[avwar sé lètre de krakòvi] (loc. verb. KRAKÓW)
Le fourbe, le félon, le menteur existe depuis la nuit des temps¹. S’il s’épanouit particulièrement bien dans la modernité et ses diverses formes (l’entreprise par exemple, mais ceci est une autre histoire), le tartufe trompeur était aussi présent au temps dit suranné, et possédait ainsi une bien (trop) belle expression pour faire sa description.

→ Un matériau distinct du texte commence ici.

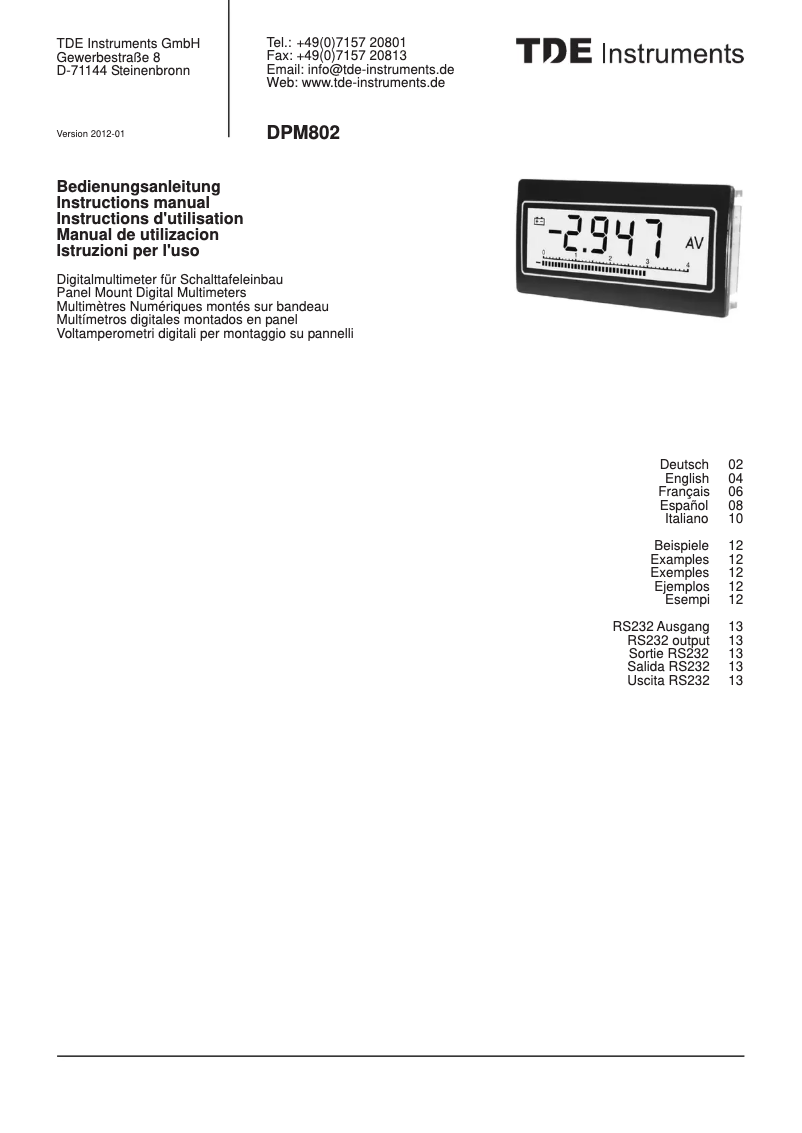 Page 1 de la notice Manuel utilisateur TDE Instruments DPM802-TW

Du charlatan, nos grands-aïeux disaient qu’il avait ses lettres de Cracovie. La voïévodie de Petite-Pologne abritait-elle dans les bas-fonds de sa capitale un nombre remarquable de fieffés fielleux ? Aucune étude ne semble le prouver. Et le fait que ses habitants croient dur comme fer que leur cité fut un jour fondée sur l’antre du dragon du Wawel suffit-il à en faire des conteurs de malice ? Pas plus que ceux de Rome et leur légende lupesque ou ceux de la cité phocéenne et leur abracadabrantesque histoire de mariage entre Gyptis et Protis.

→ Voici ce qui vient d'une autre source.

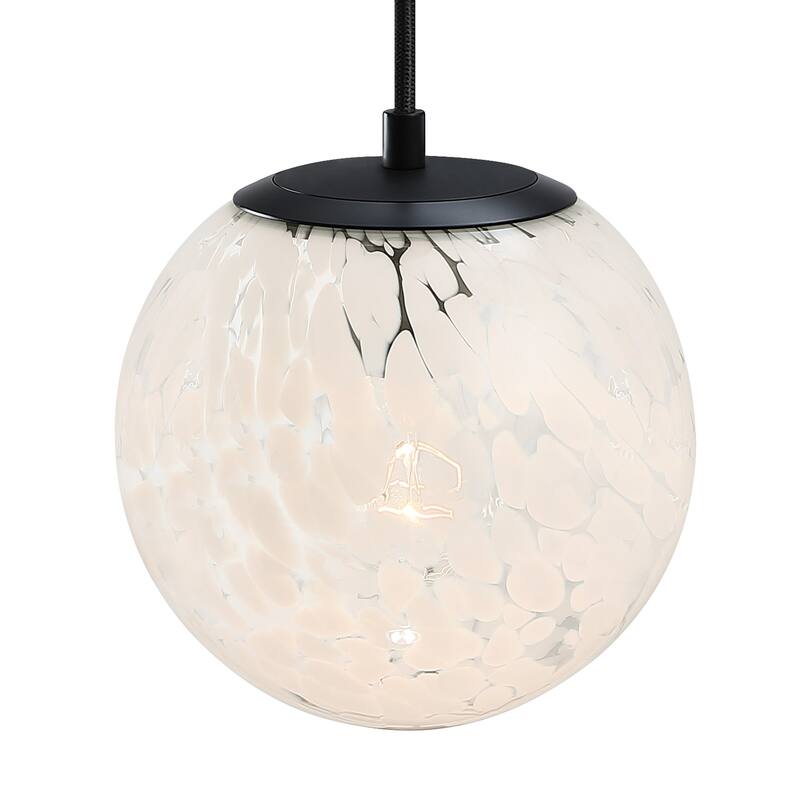 Neva 60 Watt 1-Light Matte Black Globe Pendant Light with White Art Glass Shade - 7.75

Il se dit qu’on utilise avoir ses lettres de Cracovie en référence à l’arbre de Cracovie qui trônait au Luco, sous les feuilles duquel venaient messe-basser ou proclamer tous les intrigants Parisiens, bonimenteurs et hâbleurs de service jurant sur leurs grands dieux leurs intentions louables. Pas plus Polonais que qui que ce soit (si l’on excepte les temps où certains étaient soûls comme des Polonais pendant qu’ils venaient proférer leurs menteries), ces faussaires venaient surtout pour raconter des craques, ce qui aurait pu donner naissance au Cracovie qui nous occupe ici.

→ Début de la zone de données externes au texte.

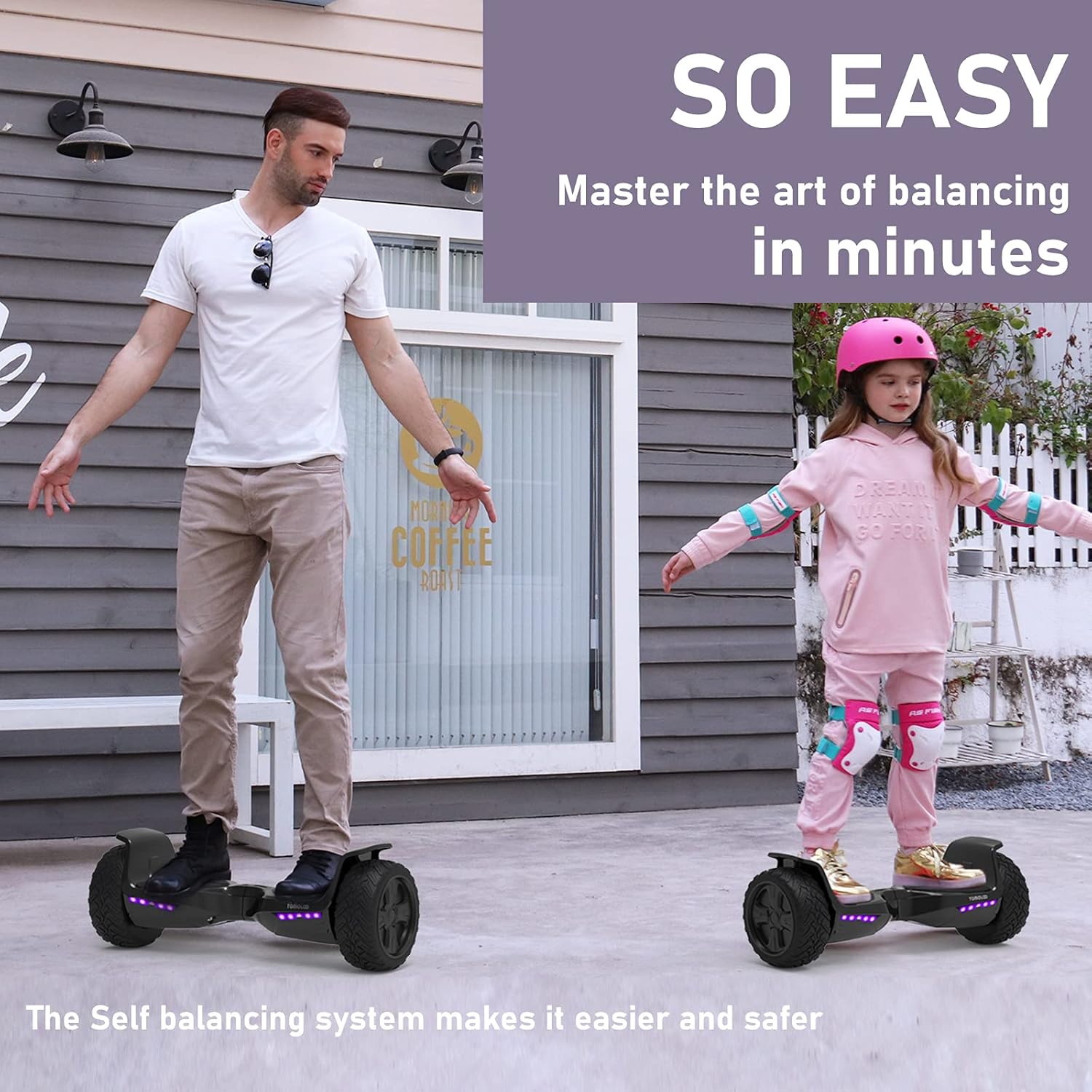 Hoverboard, 8.5 inches All-Terrain Off-Road self-Balancing V2 hoverboards with Color LED Lights, Bluetooth and Speakers, Smart APP Control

Quelle que soit la légende, avoir ses lettres de Cracovie c’est bien être reconnu comme un menteur de premier rang, un Pinocchio en chef en quelque sorte. Il est à noter qu’une expression contraire reprend la même composition avec avoir ses lettres de noblesse.
En 1878, Paul Lacroix publie dans son XVIIIᵉ Siècle Lettres, Sciences et Arts, paru chez Firmin-Didot et Cie, un arbre de Cracovie sous lequel il pose un cabaretier qui ne frelate point, un marchande qui vend en conscience, un maquignon véridique, un poète sans prévention, un abbé qui ne minaude point, un petit-maître modeste, une danseuse qui ne fait point de faux pas, une serveuse champenoise sage, un Gascon opulent, un astrologue qui voit clair, un peintre sans caprice, un musicien sobre, un caissier humble et poli, des nouvellistes sans partialité, un architecte habile sans être guindé, un graveur sans contrefaction, des filles toujours vraies, un écolier assidu à l’école, un intendant de maison qui a les mains nettes, bref autant de fourbes professionnels heureusement disparus aujourd’hui.
Qu’il est plaisant de vivre dans une modernité honnête et apaisée où personne n’a plus ses lettres de Cracovie.